Data shown:
○ ○ ○ ○ ○ ○ ○
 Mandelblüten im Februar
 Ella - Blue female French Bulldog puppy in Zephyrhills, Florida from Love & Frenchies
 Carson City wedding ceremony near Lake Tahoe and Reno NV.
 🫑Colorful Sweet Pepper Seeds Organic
○ ○ ○ ○ ○ ○ ○
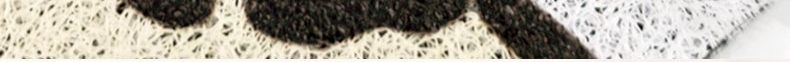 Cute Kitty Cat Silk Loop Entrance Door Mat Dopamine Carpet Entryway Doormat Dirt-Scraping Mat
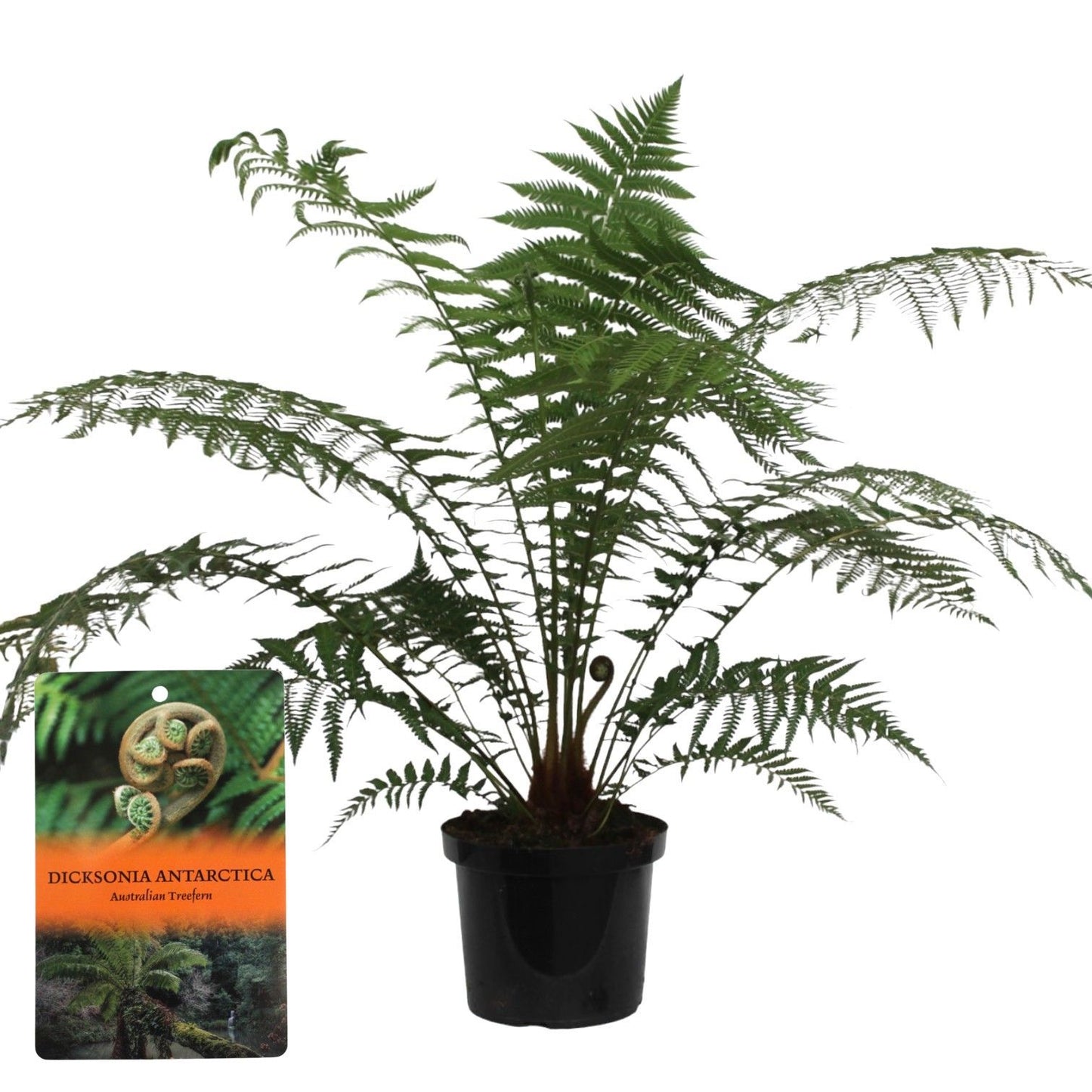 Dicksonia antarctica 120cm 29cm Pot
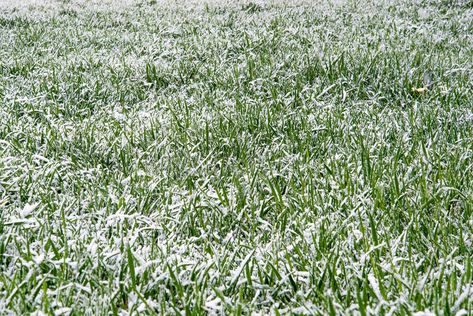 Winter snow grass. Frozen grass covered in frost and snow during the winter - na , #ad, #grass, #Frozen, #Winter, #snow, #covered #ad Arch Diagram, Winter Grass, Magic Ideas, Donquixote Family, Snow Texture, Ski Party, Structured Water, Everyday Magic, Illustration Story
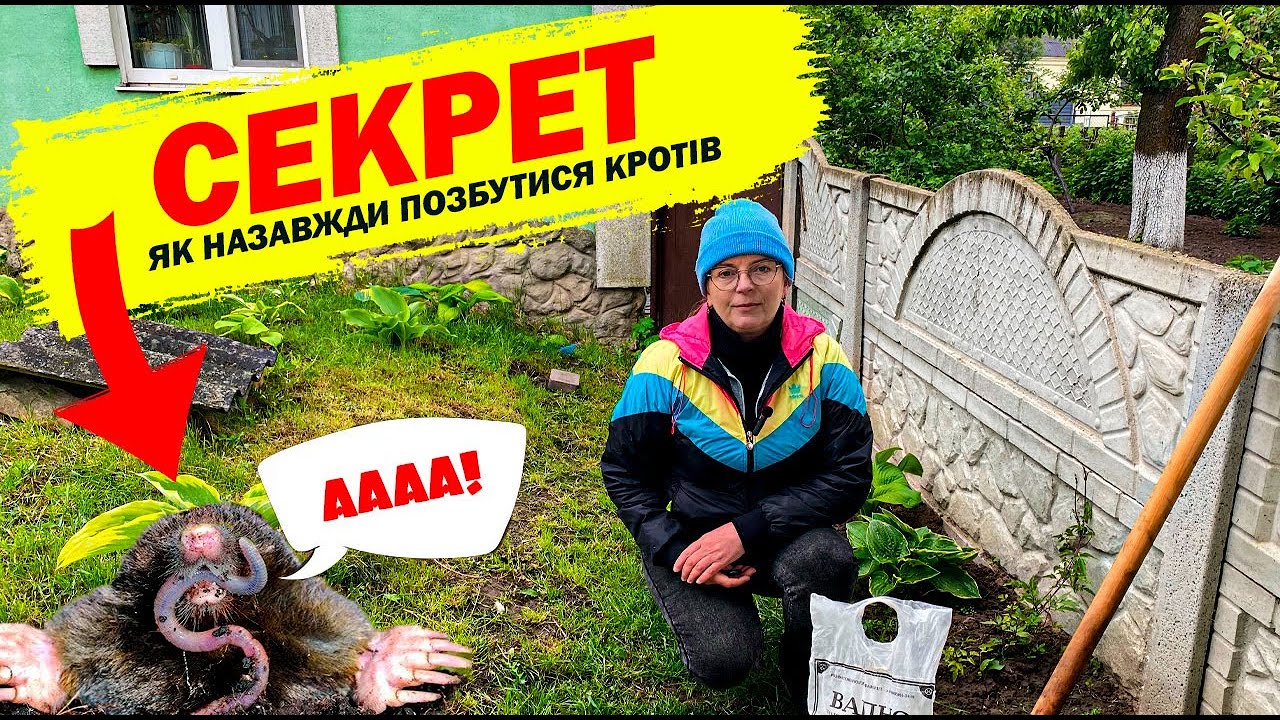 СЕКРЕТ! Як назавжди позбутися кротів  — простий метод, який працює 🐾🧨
○ ○ ○ ○ ○ ○ ○
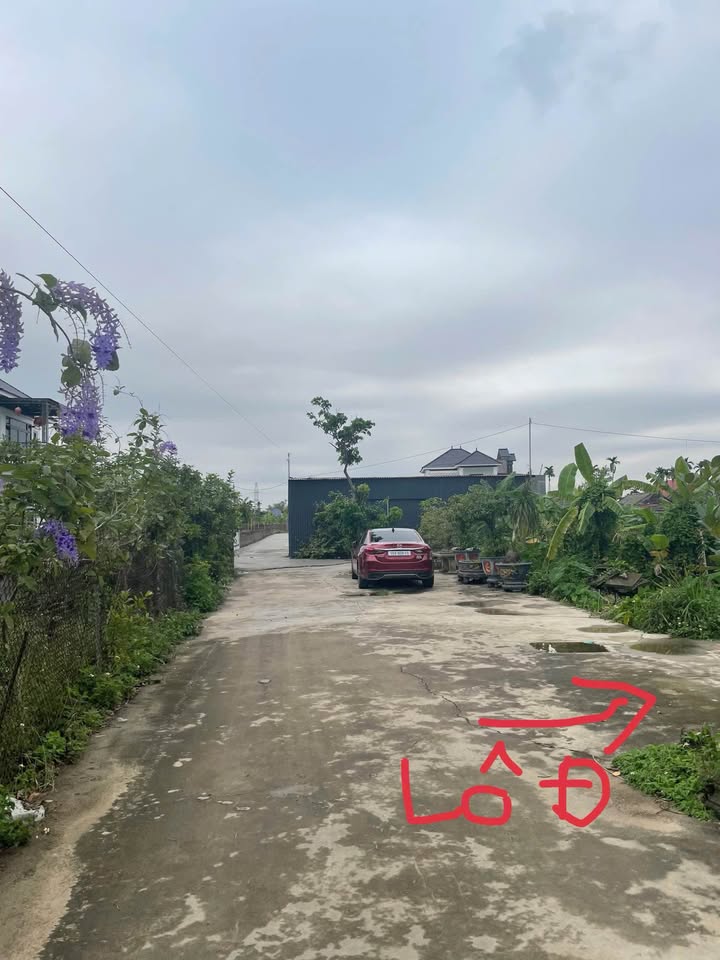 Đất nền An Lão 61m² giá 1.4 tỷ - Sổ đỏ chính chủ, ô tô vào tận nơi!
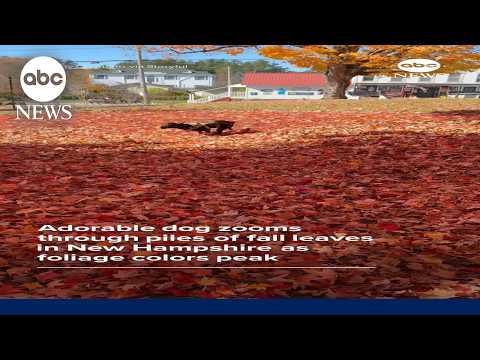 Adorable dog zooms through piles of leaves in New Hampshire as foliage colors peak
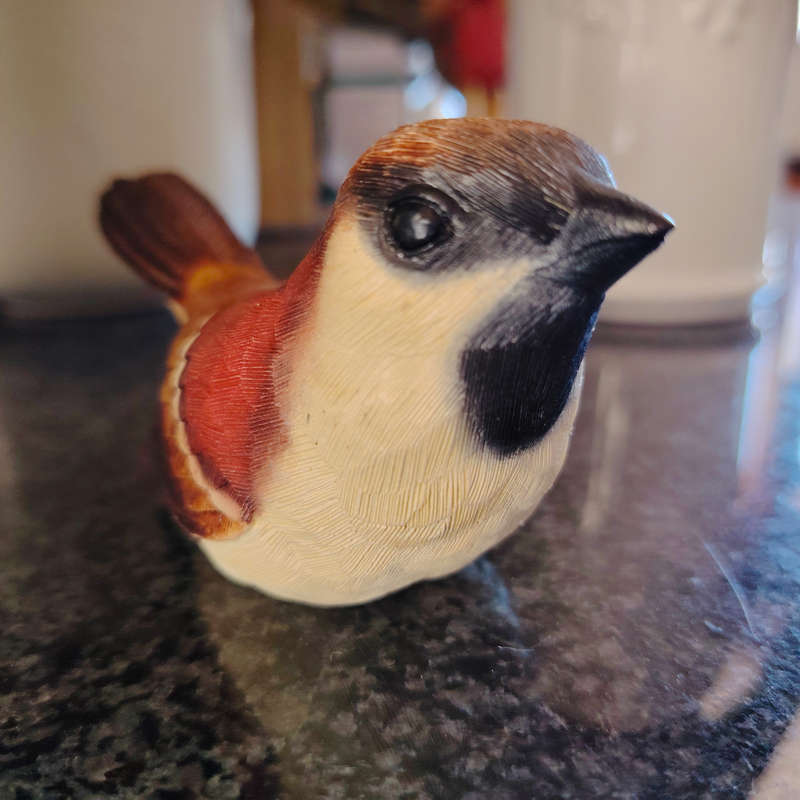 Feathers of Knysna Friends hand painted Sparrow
○ ○ ○ ○ ○ ○ ○
Task goal:
Starting at the line above that holds "Dicksonia antarctica 120cm 29cm Pot", return each line up to and including the one that holds "СЕКРЕТ! Як назавжди", exactly as written, minus any pictures.

Answer to this problem:
 Dicksonia antarctica 120cm 29cm Pot
 Winter snow grass. Frozen grass covered in frost and snow during the winter - na , #ad, #grass, #Frozen, #Winter, #snow, #covered #ad Arch Diagram, Winter Grass, Magic Ideas, Donquixote Family, Snow Texture, Ski Party, Structured Water, Everyday Magic, Illustration Story
 СЕКРЕТ! Як назавжди позбутися кротів  — простий метод, який працює 🐾🧨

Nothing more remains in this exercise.